NAIDOC Week 2022: Newton Moore Senior High School students celebrate Indigenous culture
Students and staff at one of Bunbury’s high schools celebrated Indigenous culture in a special student-prepared assembly, complete with awe-inspiring performances.
In a first for Newton Moore Senior High School, students spent several weeks preparing an assembly celebrating Indigenous culture before presenting it to the school.
Along with the assembly, which featured performances by students, the school celebrated NAIDOC with a morning tea, activities and a visit from Roo Rescue WA to teach students how to help local wildlife.
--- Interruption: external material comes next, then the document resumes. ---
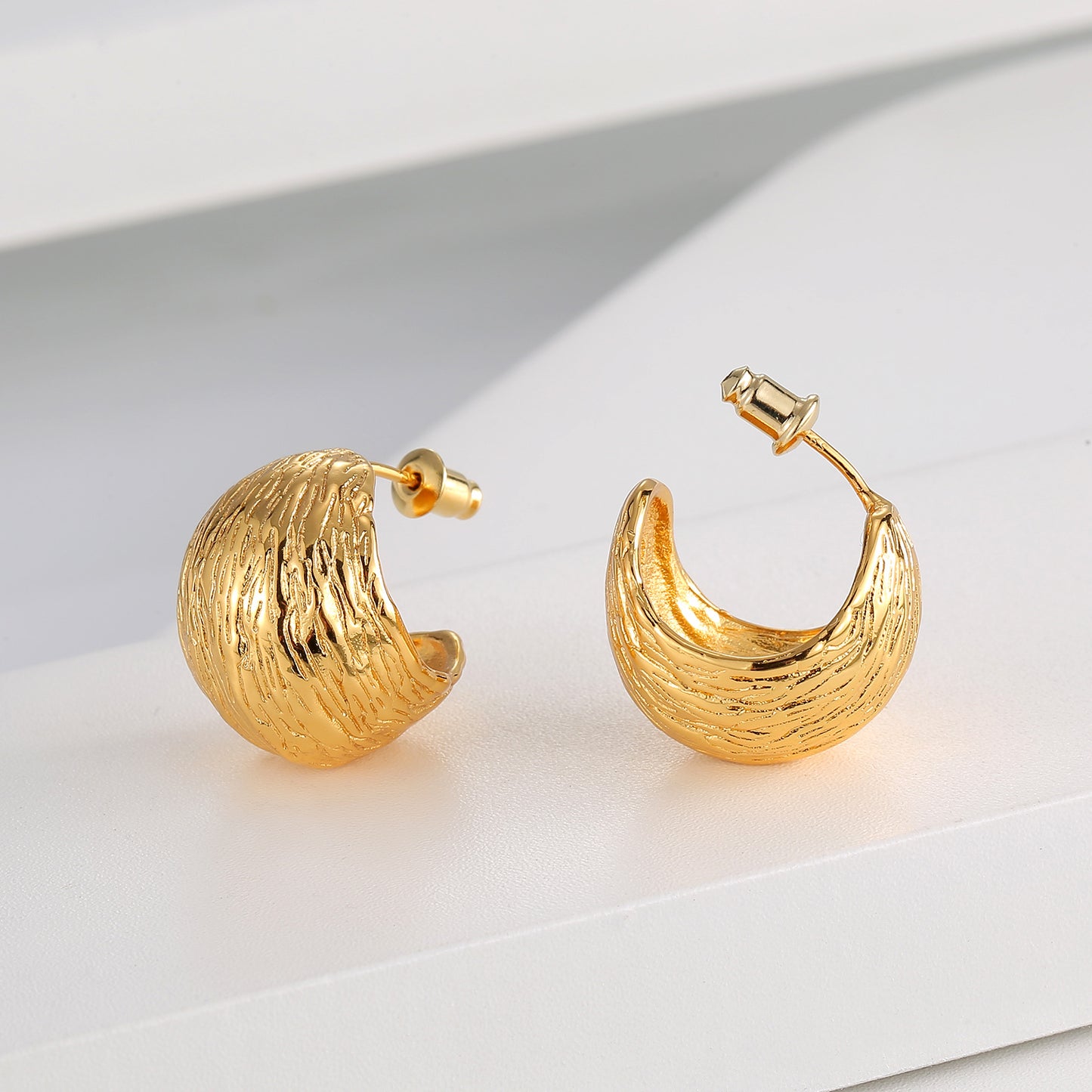 Crescent Moon Earrings for Women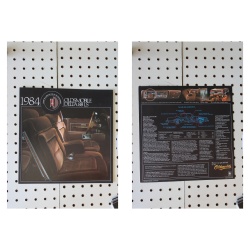 1984 Oldsmobile Delta 88 LS Flyer(Bifold)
Newton Moore SHS Aboriginal & Islander education officer Tania Hill, who helped choreograph the performances, said year 7 to 12 students spent six weeks during recess and lunch preparing the performances.
“One dance was about the cleansing of the school and it was performed for the opening of the assembly,” she said.
“Another dance performed during lunch was about waking up and picking berries and nuts for the day, then the emus would eat what was left.
“As night falls the girls would clean the area before they lay to rest and during the night the spirit trees would come alive and dance around the girls to protect them and give them good rest and good dreams.”
The students also had help from Cameron Bennell, who came to the school to teach several male students how to play the didgeridoo.
“This year’s NAIDOC Week theme was Get Up! Stand Up! Show Up! and the young girls and boys at Newton Moore SHS have definitely shown us how it is done,” he said.
“For me, being a Noongar man myself, it makes me proud to be a part of the NAIDOC Week celebrations with the young fellas and pass my knowledge on to the next generation as my Elders have taught me.”